Le transfert de la route au rail est une priorité de la politique suisse. Keystone

Les chemins de fer absorbent deux tiers du trafic marchandises qui transite chaque année à travers les Alpes. Malgré les nombreux efforts entrepris, le transport sur rail ne réussit pas à augmenter sa part de marché. Et il est peu probable qu'il y parvienne dans un avenir proche.

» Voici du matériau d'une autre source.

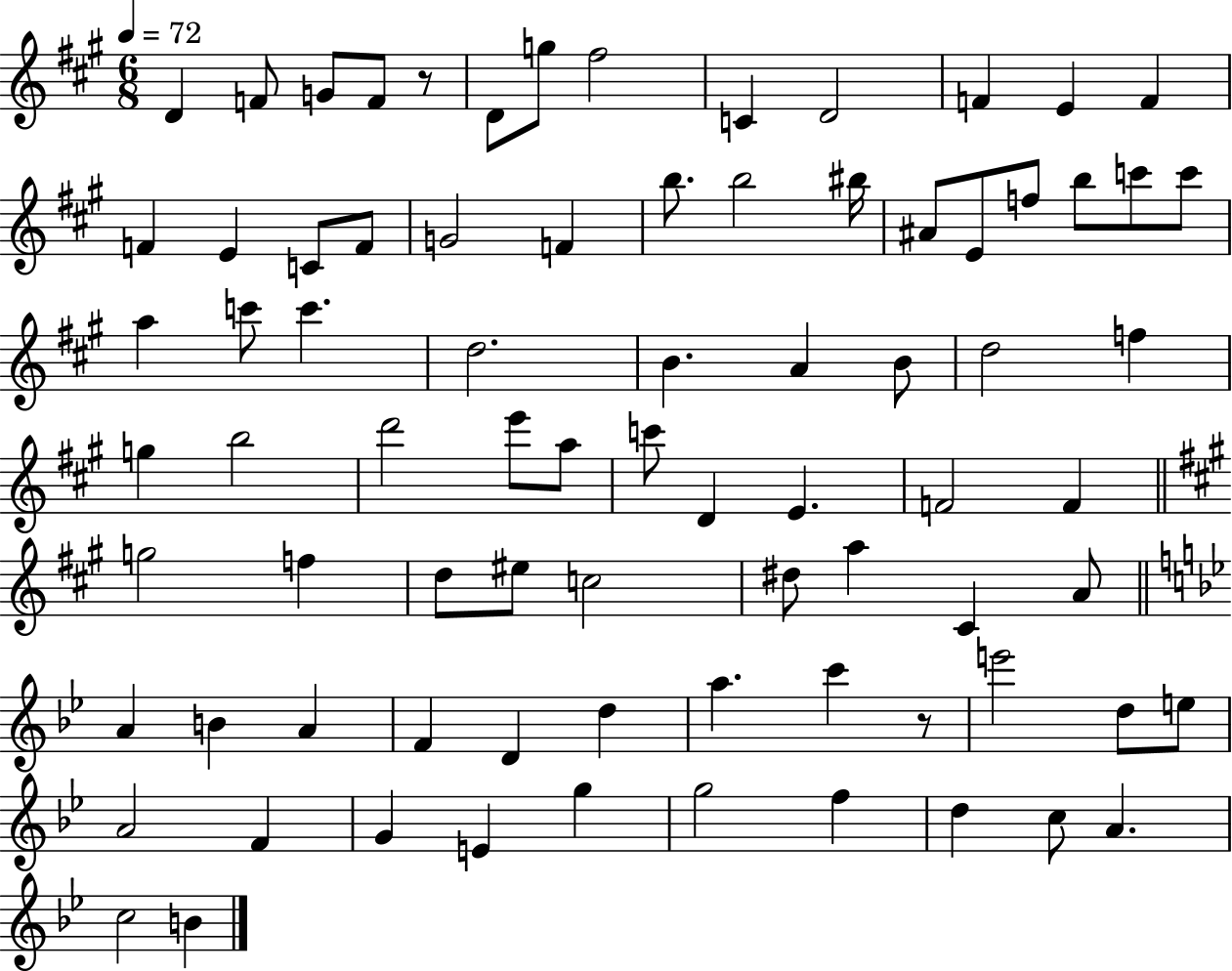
D4/q F4/e G4/e F4/e R/e D4/e G5/e F#5/h C4/q D4/h F4/q E4/q F4/q F4/q E4/q C4/e F4/e G4/h F4/q B5/e. B5/h BIS5/s A#4/e E4/e F5/e B5/e C6/e C6/e A5/q C6/e C6/q. D5/h. B4/q. A4/q B4/e D5/h F5/q G5/q B5/h D6/h E6/e A5/e C6/e D4/q E4/q. F4/h F4/q G5/h F5/q D5/e EIS5/e C5/h D#5/e A5/q C#4/q A4/e A4/q B4/q A4/q F4/q D4/q D5/q A5/q. C6/q R/e E6/h D5/e E5/e A4/h F4/q G4/q E4/q G5/q G5/h F5/q D5/q C5/e A4/q. C5/h B4/q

«Le trafic transalpin pour le transport de marchandises à travers la Suisse doit se faire par le rail, indique l’article 84 de la Constitution suisse. En 1994, lorsqu’il accepte l’Initiative des Alpes, le peuple suisse se prononce clairement sur ce qui devait devenir la politique des transports.

Encore une chimère

Près de 20 ans plus tard toutefois, l’objectif de transférer le trafic lourd de la route au rail semble encore une chimère.

Le nombre de poids lourds qui franchissent les Alpes suisses a effectivement diminué, en passant de plus de 1,4 million de véhicules en 2000 à 1,25 million en 2010 (trois quarts d’entre eux empruntent l’axe du Gothard). Ceci dit, la proportion de marchandises véhiculées par chemin de fer diminue, malgré les subventions octroyées pour rendre le rail plus attractif. En 1999, cette proportion atteignait 68,7% (contre 31,3% par la route), tandis qu’en 2010 elle a chuté à 62,6% (37,4% par la route) selon les chiffres publiés dans le rapport 2010 de l’Observatoire du trafic de marchandises par la route et par le rail dans la région alpine (Alpifret).

En décembre dernier, lorsqu’il a approuvé le rapport sur le transfert du trafic pour 2011, le gouvernement a précisé que les «instruments actuels pour transférer le trafic de la route au rail ne suffiront pas à atteindre l’objectif de 650’000 passages annuels prévu pour 2018.» L’ouverture du tunnel ferroviaire de base du Gothard, prévue pour 2016, ne changera pas beaucoup la situation.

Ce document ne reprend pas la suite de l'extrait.